Much of the Freeview TV programming comes from the BBC's suite of channels and Sky TV news and sports. But, you also get a handful of niche channels, like 24-hours of music videos, shopping, and interactive channels.
Programming is all-digital, but not necessarily high definition (HD) digital. According to the Freeview TV website, only a handful of Freeview TV channels are broadcast in HD and only in the markets where the UK digital switchover has already occurred.
The benefit of Freeview TV for UK residents is that there isn't a monthly service fee for Freeview digital TV and music programming. The only cost associated with Freeview TV is a one-time charge for the Freeview TV set-top box and any other accessories you might need, like a SCART cable or outside aerial antenna.

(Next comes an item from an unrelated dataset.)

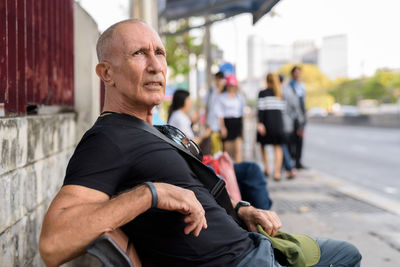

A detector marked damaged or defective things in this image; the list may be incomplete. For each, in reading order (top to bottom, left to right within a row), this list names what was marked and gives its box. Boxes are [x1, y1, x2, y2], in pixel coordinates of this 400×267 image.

rusty corrugated metal wall [0, 0, 74, 116]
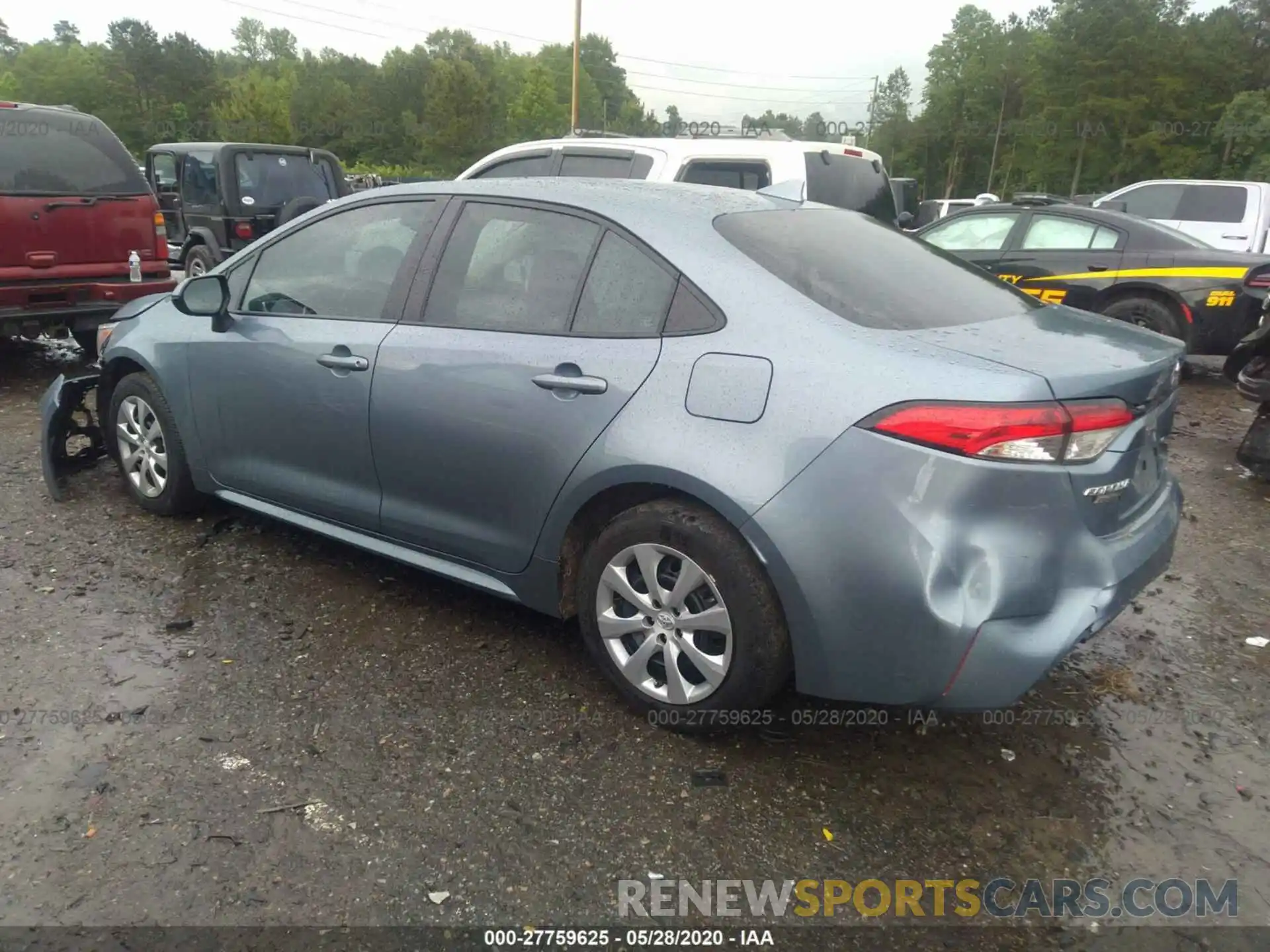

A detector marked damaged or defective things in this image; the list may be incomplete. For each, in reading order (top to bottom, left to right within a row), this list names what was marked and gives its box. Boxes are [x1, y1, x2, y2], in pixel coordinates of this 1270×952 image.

Freeview TV from an American Perspective
From across the pond, Freeview TV looks like a wonderful service. I'm not blind to the fact that there are costs associated with Freeview, but nothing compared to a monthly service fee that you would need to pay for programming like Freeview in the United States.
The channel lineup is impressive, but it does have limitations when compared to pay TV services. That's to be expected. There is no comparison, however, between Freeview TV and free American broadcast TV.
In terms of programming, Freeview TV is light years ahead primarily because UK residents get access to dozens of more channels than a typical American gets with their antenna. In addition, most of the Freeview channels are niche driven like pay TV channels. American broadcast TV isn't niche driven. Instead, it targets a diverse audience.
Freeview also symbolizes something that we probably won't ever see in the United States - competing TV providers working with each other to give antenna-users access to free digital programming.
What might the American equivalent of Freeview look like? Maybe it would be something like Time Warner working with DirecTV and the broadcast networks to provide 50 essential channels that all people should have access to for free.
Trying to create the American version of Freeview is like comparing Albert Pujols to Babe Ruth -- fun for conversation but not realistic. The reality is that the United States broadcast industry is not setup like that in the UK.
Instead, where I think something like Freeview could appear in the USA is within digital TV's secondary channels.